Please could you help me with this guy? Please excuse the poor picture, he was still in the bag, in the middle of being introduced to the tank.

He's about 1 inch long, and about 18 months old. I don't think he's a Labidochromis Caruleus (no black tip) or a an Msobo (they're REALLY yellow) so I'm at a loss. Thanks!


----------



## SinisterKisses (Feb 24, 2004)

Lab/estherae hybrid, which they usually market as "all yellow labs".


----------



## shumway (Jul 12, 2006)

It could possibly either be a really poorly bred Lab or a Lab/estherae hybrid like Sinister said.

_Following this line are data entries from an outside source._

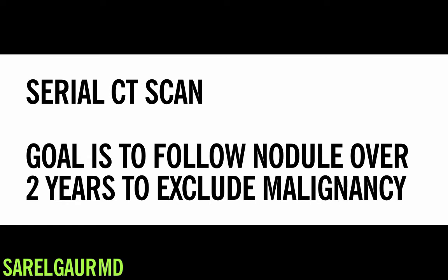We use a cutoff of two years stability. That means that if a solid nodule is stable in size for two years, it is considered benign and no further follow-up is needed.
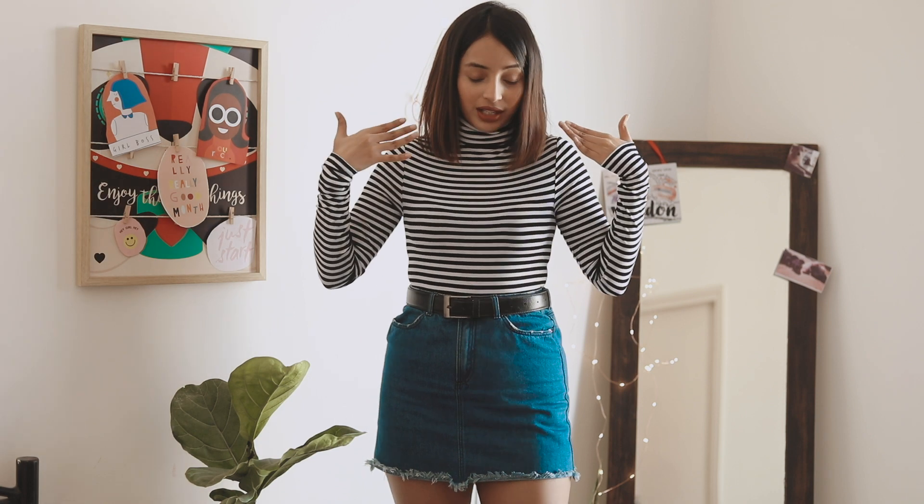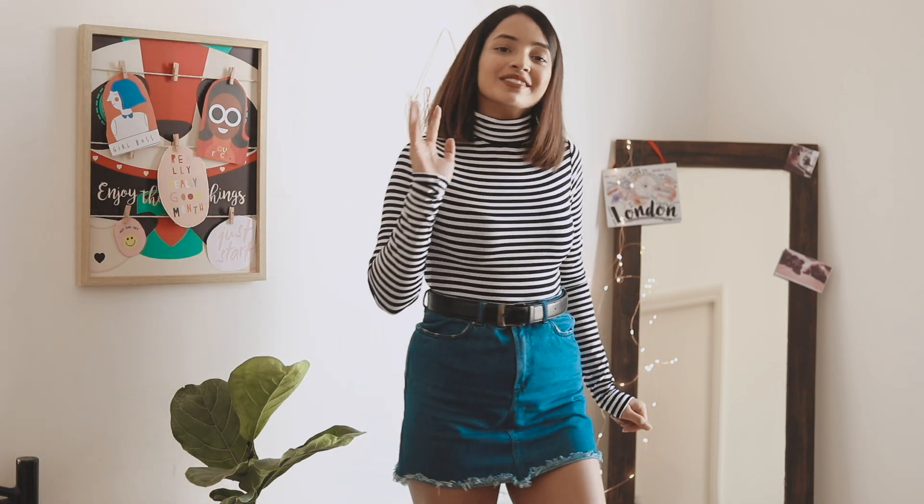Hi guys, welcome back to my channel! Today I'm sharing my top five winter essentials which basically built my winter wardrobe. I want to share them so you guys can find it useful and see how they build my wardrobe. I'm going to be wearing the same outfit and using all the elements in this outfit, so let's get into it.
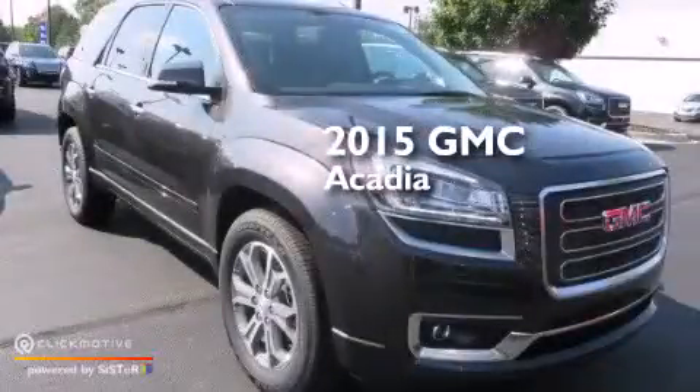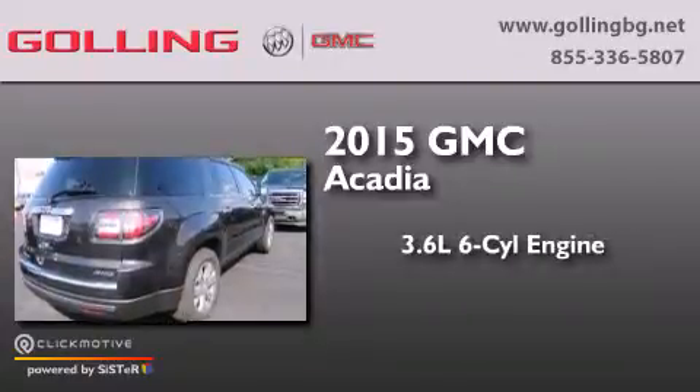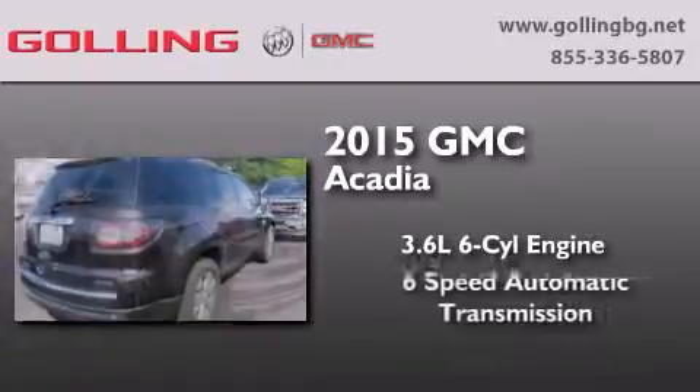This is a brand-new 2015 GMC Acadia. It features a 3.6-liter, six-cylinder engine, a six-speed automatic transmission, and all-wheel drive.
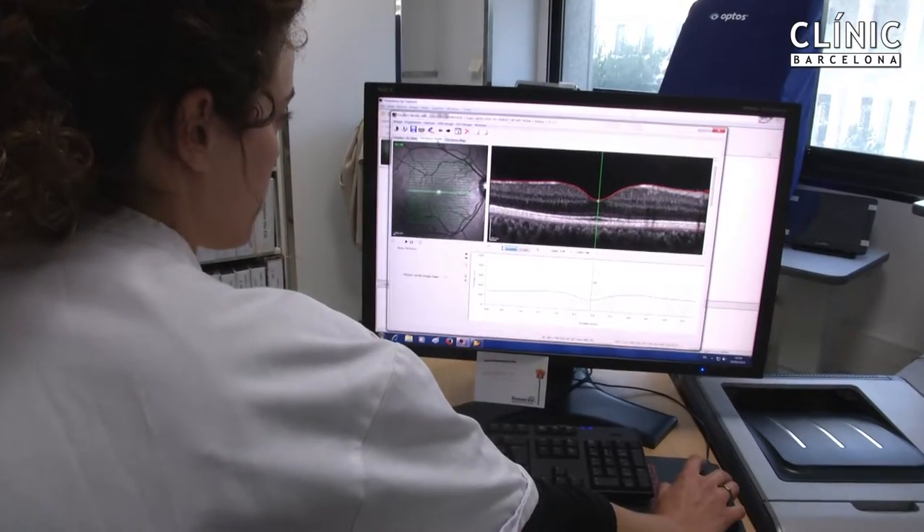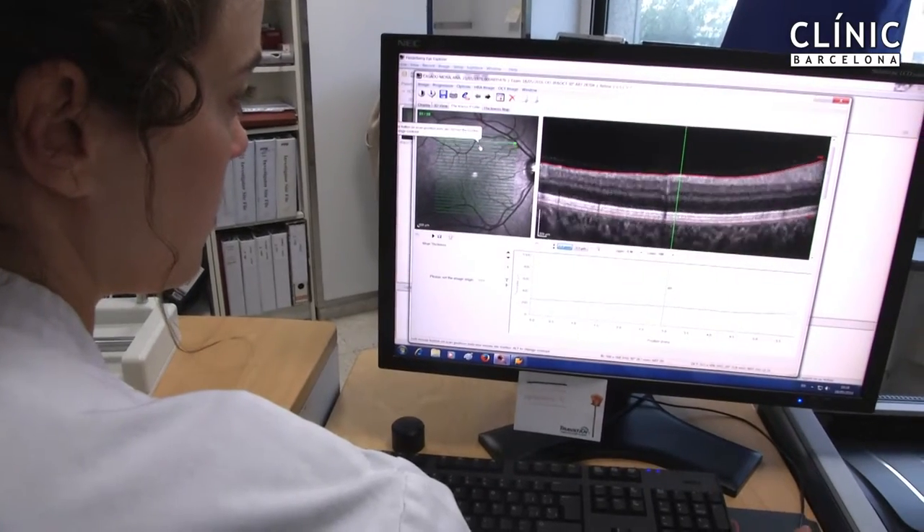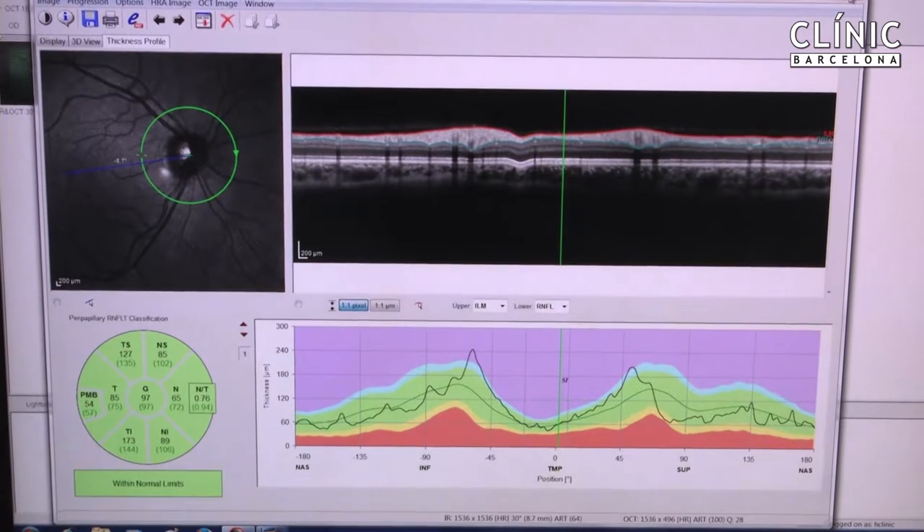In this study what we have found is that a common technology called OCT, which you use in the ophthalmology clinics, is useful for monitoring the evolution of multiple sclerosis. This is a very common technology, very easy, just 10 minutes without any inconvenience for the patient, and is able to measure the thickness of the retina.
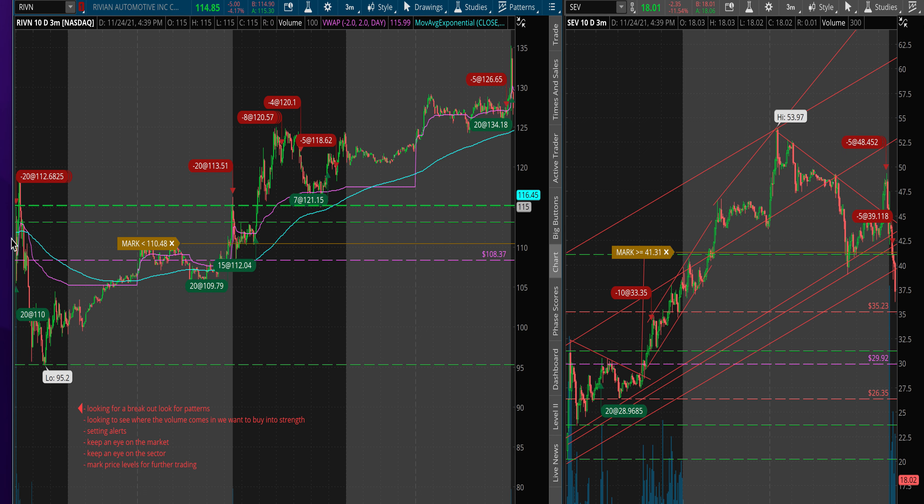Then I waited for the next day. I didn't enter any trades on it because I wasn't very positive about it — I wasn't exactly sure — so I thought to wait for a breakout over the pre-market high on the next day.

I have a bunch of deformed labs i use for dithers and getting extra tanks set up and all the females look like that pic,You can see a faint line where there should be black on the dorsal like in your pic but they never show any what so ever.

:fish:


----------



## Malawidolphin (Dec 15, 2006)

I went to purchase some labs from a lady who breeds thousands of them. When I got there, there were tanks and tanks of yellow labs that had been inbred with no new stock introduced and except for a few adults none of the labs had black stripes. There was a tank of large holding females...all yellow. There were no other mbuna in the house so it wasn't a hybrid situation just very poor breeding and conditions. It was a separate small house from the one she lives in and it was full of tanks and the tanks were packed full of fish. I thanked her and took a pass on buying from her.


----------



## rcastillo (Mar 2, 2007)

He was sold to me as a lab caruleus so i was quite surprised when the black tip never came! I'm sure the shop is first-rate however, so I don't think poor conditions would be it.


----------



## SinisterKisses (Feb 24, 2004)

Well actually, now that I'm looking at it harder and that I'm actually awake (lol was kind of early when I first posted), you can actually make out a very, very faint bar on the dorsal like a normal lab would have. It may just be something the flash picked up, rather than something you actually see yourself when looking at the fish...


----------



## cevvin (May 2, 2008)

are you guys sure its not a male m. lombardoi? Thats what my male looks like. I seriously thought it was one of my pictures lol


----------



## SinisterKisses (Feb 24, 2004)

Absolutely 120% positive it's not a male kenyi  But I would be interested to see _your_ kenyi male now...


----------



## Number6 (Mar 13, 2003)

Only in theory could you have someone line-breed the black out of a fish without hybridization.

Far more likely was that it's been masked by hybridization.

With that in mind, I have no problem just simplifying to "Any breeder with all-yellow labs is breeding hybrids and I do not care what they claim or what flimsy excuse they attempt to throw at you like buying from reputable breeder X Y Z, buying WC fish, or ANY excuse. "

They are either clueless, lying or both.

Malawidolphin... that lady had hybrids... I am 10000000% positive and would bet money on it!

:wink:


----------



## Dewdrop (Nov 20, 2007)

I was just posting in another thread about this....
I bought a fish at WalMart that I thought was a yellow lab red zebra mix then I saw the profile of Metriaclima barlowi and now I'm not so sure. I'll have to get batteries for my camera so I can take another pic of it. It's fins are starting to take on a blue hue like the profile of the M. barlowi says the males have. It says the females are brown though so I guess if it turns out to be female it's not the barlowi for sure.


----------



## newcichlidowner (Aug 20, 2008)

possible female yellow lab...my female didnt show her black line until after her first pouch of eggs...and even now she doesnt always show it.


----------



## Fogelhund (Dec 3, 2002)

SinisterKisses said:


> Lab/estherae hybrid, which they usually market as "all yellow labs".


agreed


----------



## wheatbackdigger (May 11, 2008)

1 inch at 18 months? That is one slow growing fish


----------



## Luey (Aug 27, 2004)

That looks like what I have. But I don't know if mine are lab x zebra or lab x kenyi. My buddy bought them and they took over his tank, so he gave me the original breeders. And mine are no where near sterile. I think my dominant male is a kenyi, I mean he looks almost exactly like the pictures in the Kenyi profile. But the fry have a different head shape than he does, there head shape is very much like yours. 
Anyway, I will try to get some pictures up of my tank so you guys can see what I am talking about...


----------



## nchoe123 (Nov 11, 2007)

unlike, say, ligers, tigons, and mules, these cichlid hybrids aren't sterile.

hmm. i have a line-less "lab" that i'm thinking is a red zebra also.


----------